BANKS are once again up in arms with Econet Wireless over the mobile phone operator's refusal to give them access to its network platform to freely roll out their financial products. This comes as Zimbabwe's biggest mobile phone telecommunications operator has been rolling out a number of mobile phone-based financial services for its eight million subscribers including EcoCash, EcoCashSave and more recently EcoCash Payroll.
Financial institutions, through their lobby group Bankers Association of Zimbabwe, have for long expressed reservations over limited access on Econet's network.
While no official comment could be obtained from either Econet or BAZ, highly placed banking sources said negotiations were underway. However, Herald Business understands that banks wrote to the Reserve Bank of Zimbabwe, again registering their complaints about Econet's stance towards them.

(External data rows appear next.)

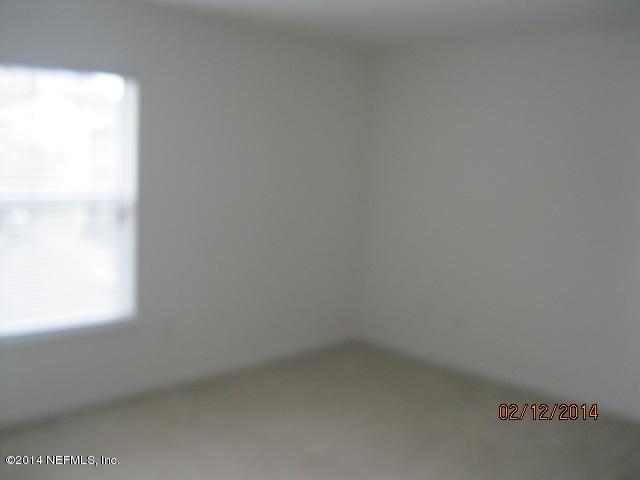 6700 Bowden Road, Unit 1605 Jacksonville, FL 32216 - Photo 7 of 9 a small space with a window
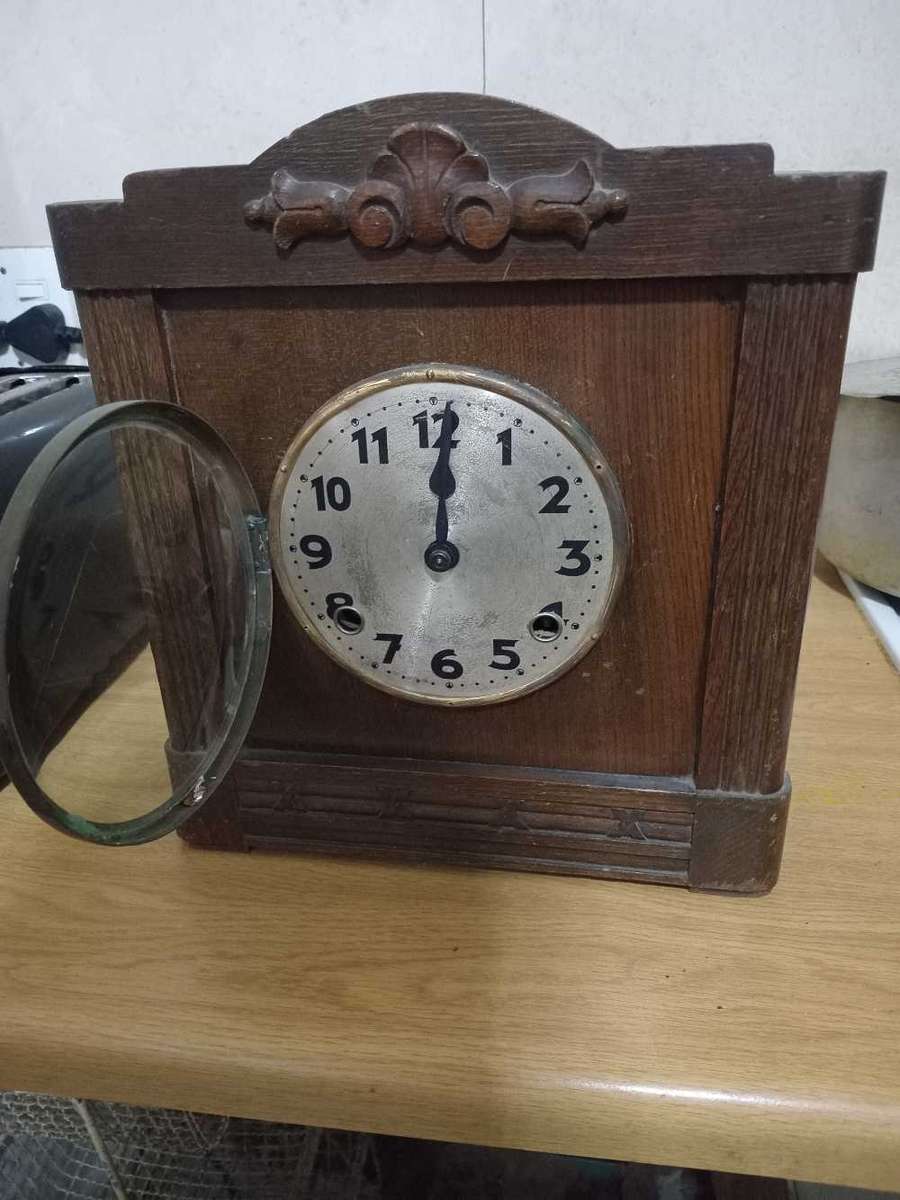 Antique mantle chime clockIn working condition, does not have key, needs a new key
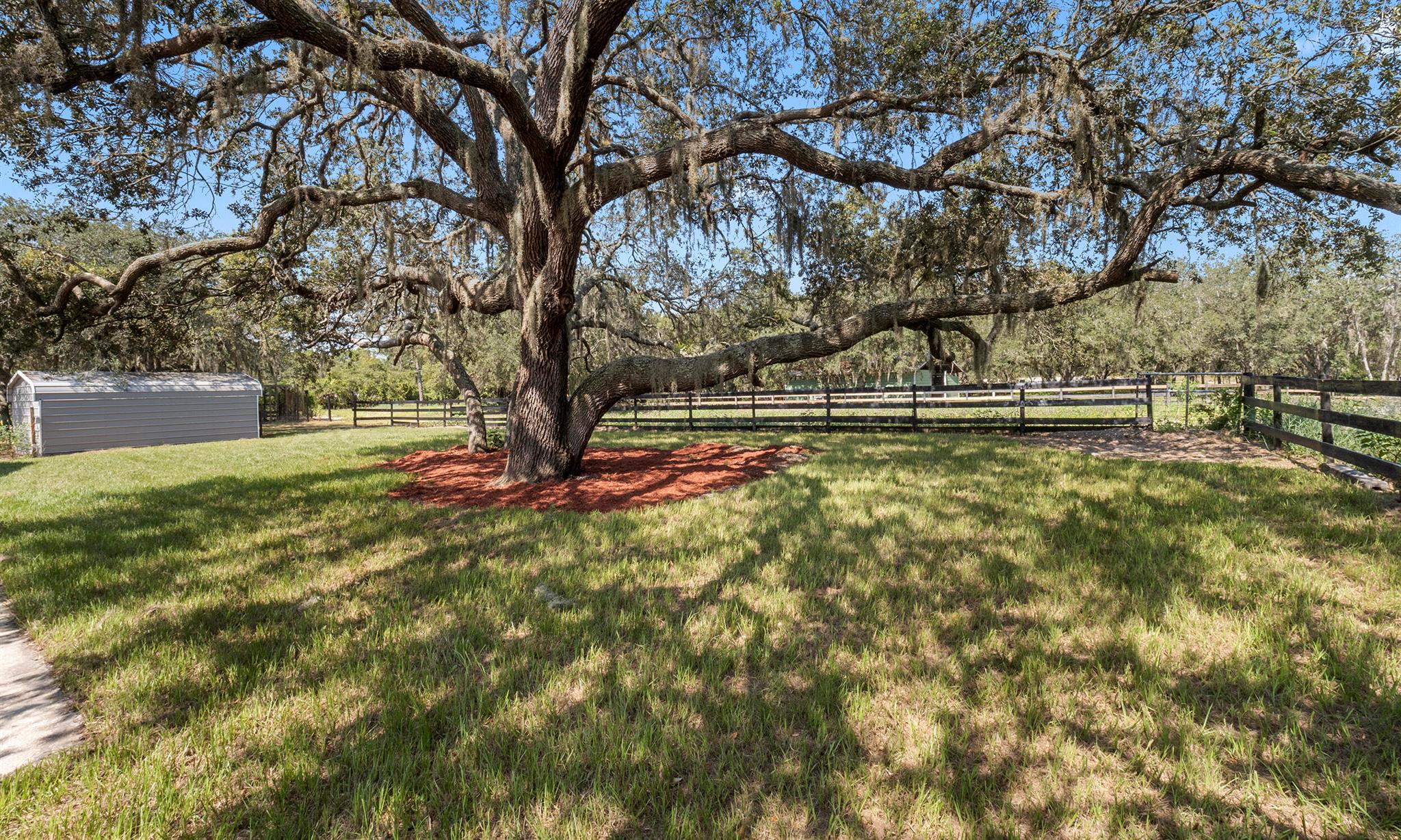 HOLIDAY HILLS - Residential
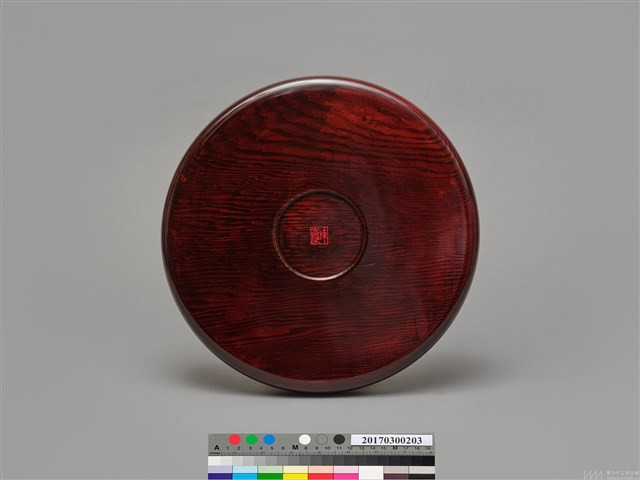 描彩罩漆磨顯丸盤藏品圖，第2張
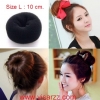 (Size L: 10cm) โดนัทช่วยเกล้าผมทรงดังโงะ หรือทรงซาลาเปาน่ารักๆ ที่สามารถครีเอทลุคให้คุณได้ทั้งเซอร์ หวาน เปรี้ยว หรือเนี้ยบ ขึ้นกับสไตล์การเกล้าเลยค่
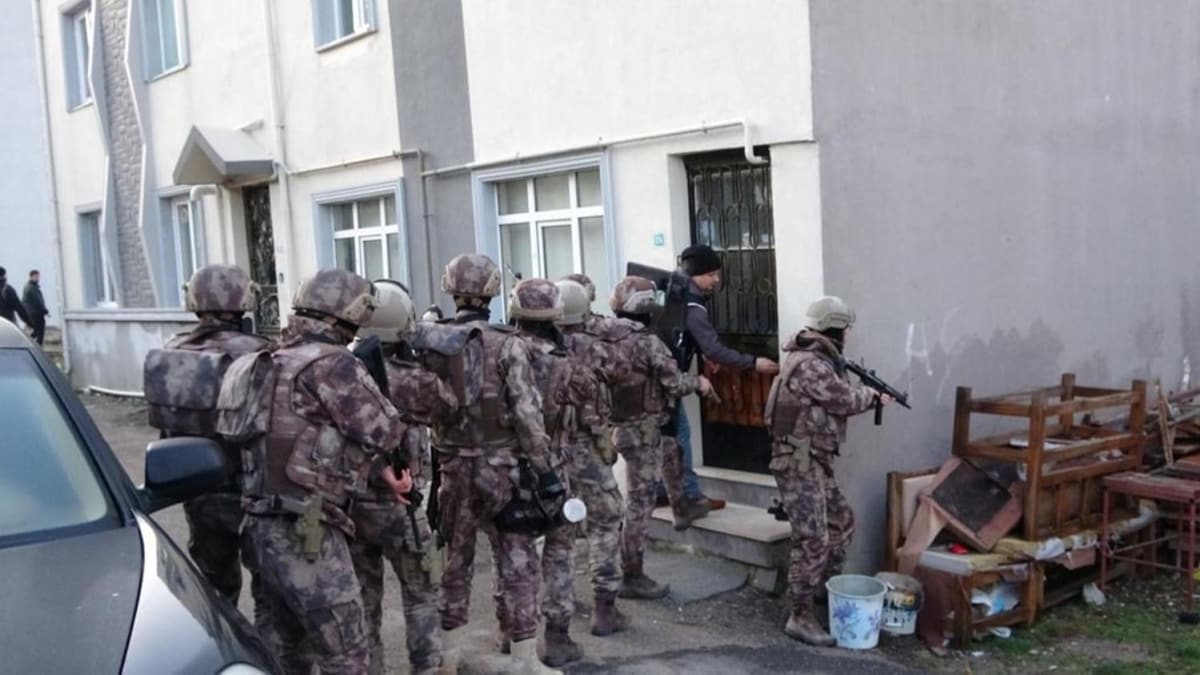 ek senet etesi kertildi: 10 gzalt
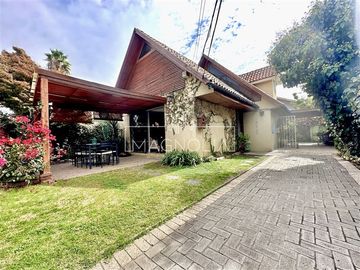 Casa en Venta en TREMENDA OPORTUNIDAD PARA REMODELAR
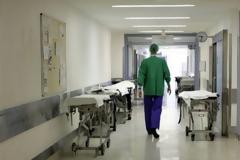 Το «ευχαριστώ» στους γιατρούς μένει στο… χειροκρότημα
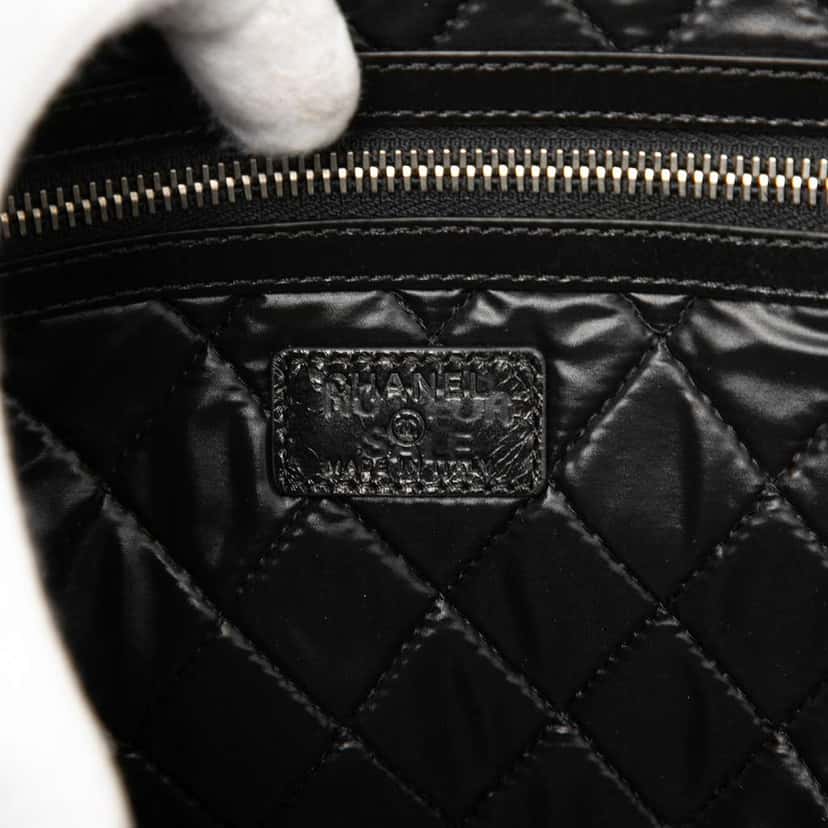 Chanel Distressed Calfskin Je Ne Suis Pas En Solde Clutch Black Leather Very good condition - Box View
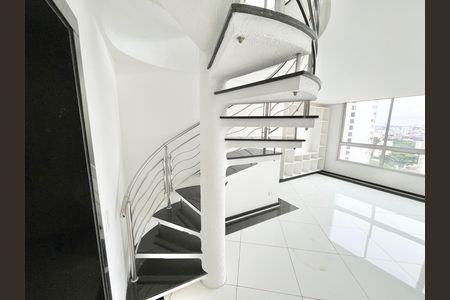 Apartamento à venda com 208m², 3 quartos e 1 vaga Apartamento à venda com 208m², 3 quartos e 1 vagaEscada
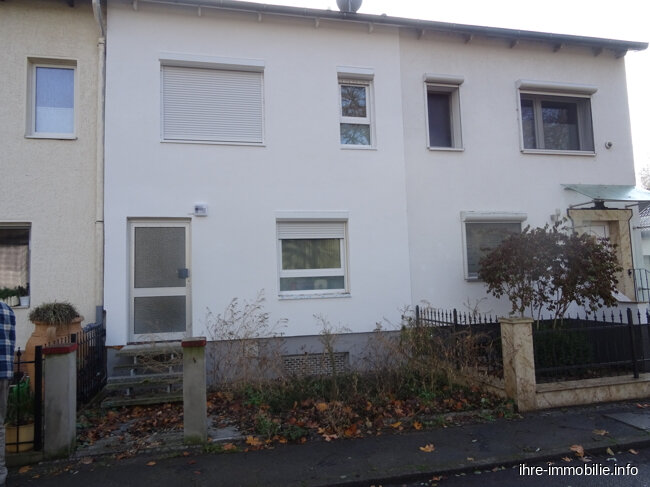 Reihenmittelhaus zum Kauf 359.000 € 4 Zimmer 101 m²<br/>Wohnfläche 154 m²<br/>Grundstück Haselhorst Berlin 13599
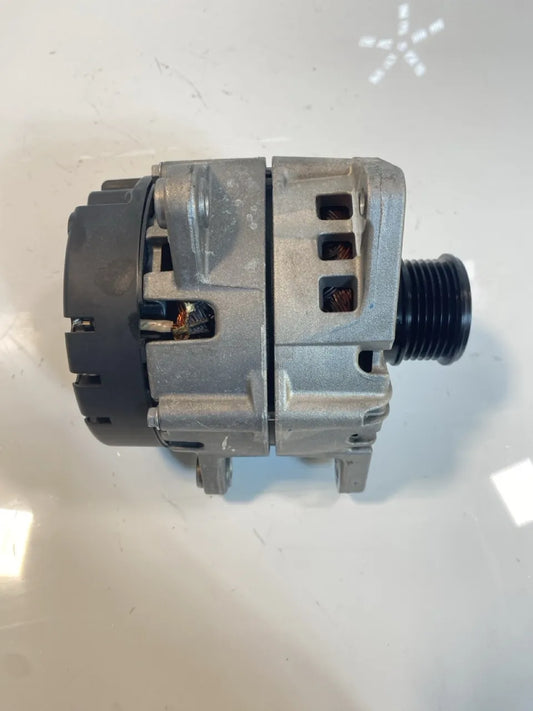 Alternador Mercedes-Benz Clase E 2.0 M364.920 264.920 M264 A0009069905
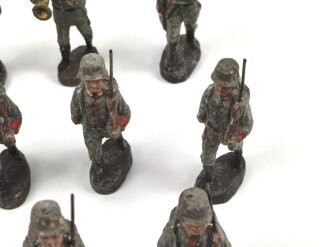 1. Weltkrieg, 23 feldgraue Massefiguren aus der 10cm Serie der Firma Elastolin. Alle original bemalt, jeweils ungereinigt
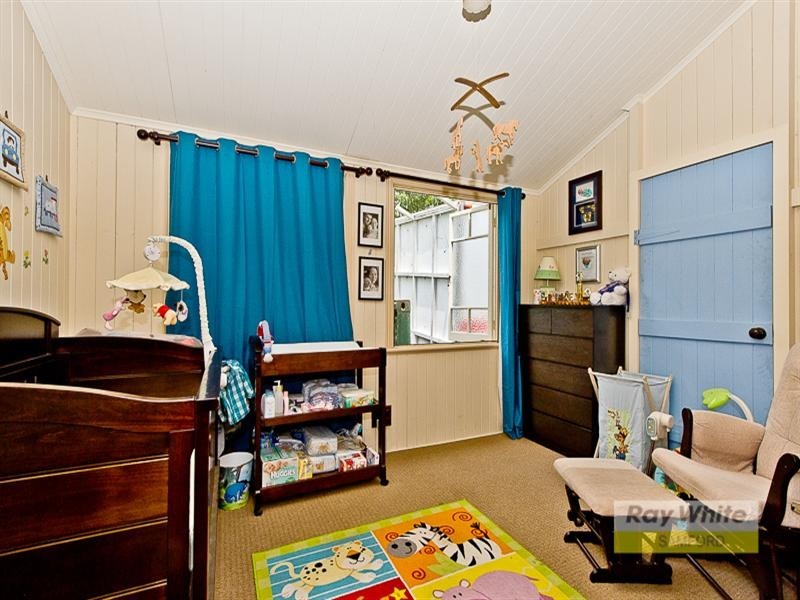 9 Petersen Road, Camp Mountain QLD 4520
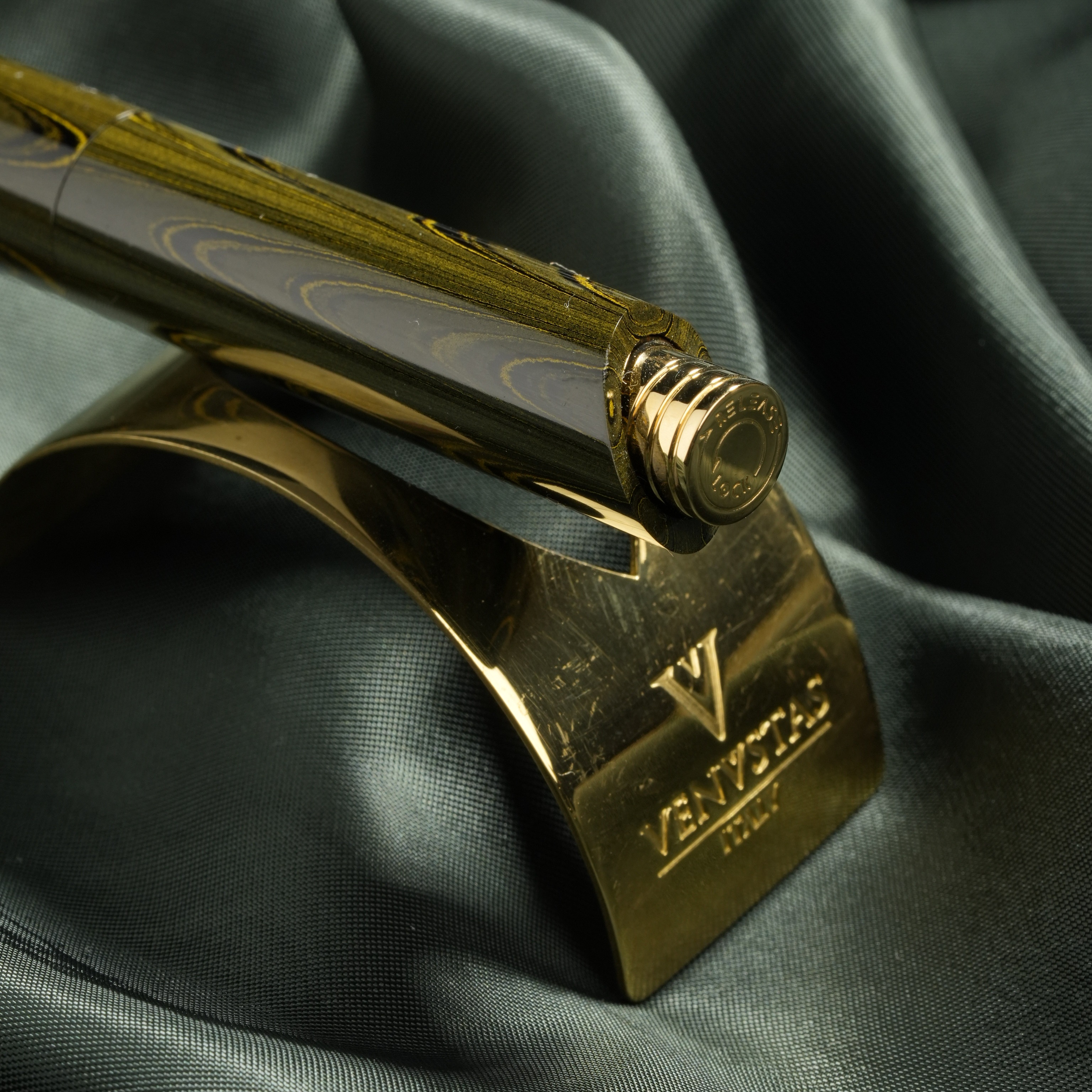 Venvstas Calibro 8 Kilim Ebonite Pióro wieczne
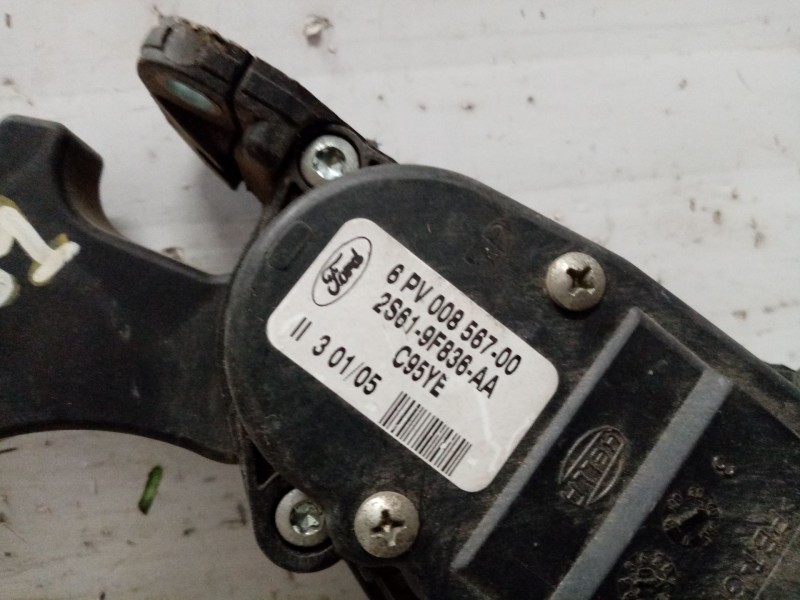 Recambio de potenciometro pedal para ford fiesta (cbk) trend referencia OEM IAM 2S619F838AA  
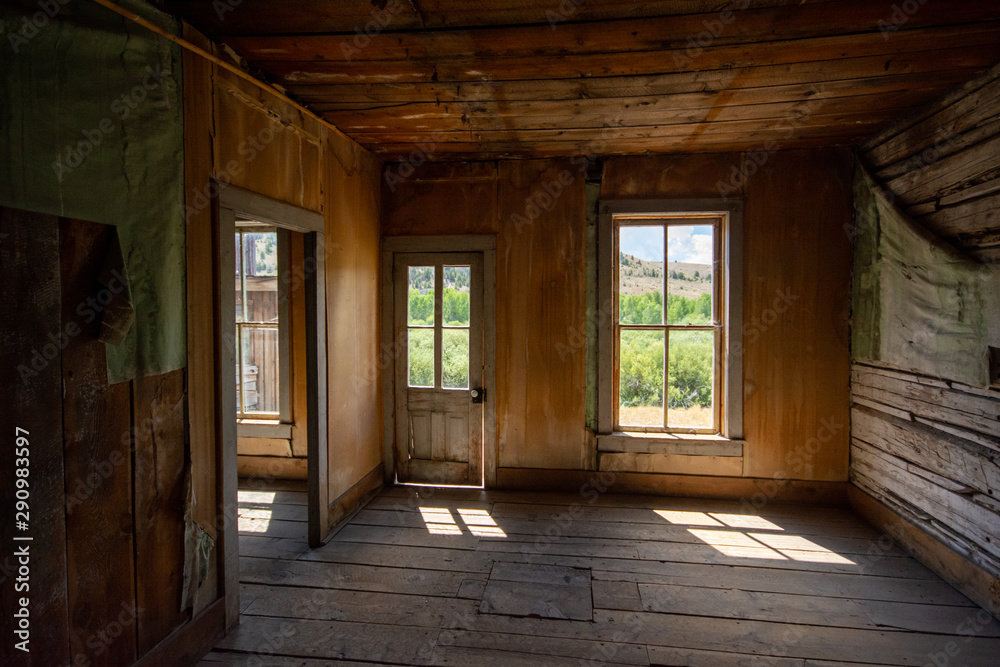 Fototapeta premium empty room and sun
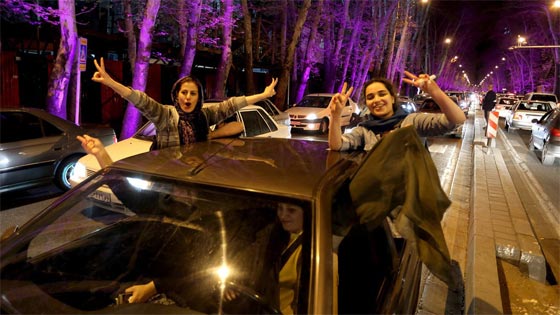 فيديو.. الايرانيون يرقصون طربا على اتفاق لوزان في شوارع طهران صورة رقم 9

Recently, BAZ president Mr George Guvamatanga said Zimbabwe does not have a legal framework that governs mobile banking services, opening up the sector to unacceptable practices.
"There is a feud in the market as banks are up in arms with Econet over its refusal to give them equal cost-effective and tamper- free access to its network for the delivery of mobile-based services," said a source privy to developments.
"Econet is literally saying to banks, build your own network; this is pretty much like the Government or National Railways of Zimbabwe saying to someone who wants to go to Bulawayo by train build your own railway line."
According to the sources, Econet does not want players with equal financial muscle on the market to compete with its mobile phone-based financial product, particularly, EcoCash, because "they want to monopolise mobile space".
Analyst Jerome Negonde said Econet's stance was morally wrong as the telecommunications firm was using a public frequency spectrum that belongs to everyone. Their position is said to be helping them maintain high costs for mobile banking services and that ultimately borders on monopolistic behaviour.
However, Econet chief executive Mr Douglas Mboweni once said banks could have access to its network platform through EcoCash and that financial institutions were free to use it.
"There's a huge misunderstanding in terms of the definition of a gateway. As Econet the gate is EcoCash. Therefore, financial players who want to launch their MMTs can use EcoCash as the platform. We allow banks to transact using EcoCash even launching their own MMTs, but on the same platform. It has the capacity.
"Obviously, some have said they want another gateway; well, they are free to invest in one," Mr Mboweni said then.
He added that it was important for financial institutions to understand that infrastructure varies between companies. "Those who have opened up their gateways have infrastructure for MMT that is lying idle."
Analysts say instead of trying to compete with a money transfer system, banks need to concentrate on making their core business relevant in today's market.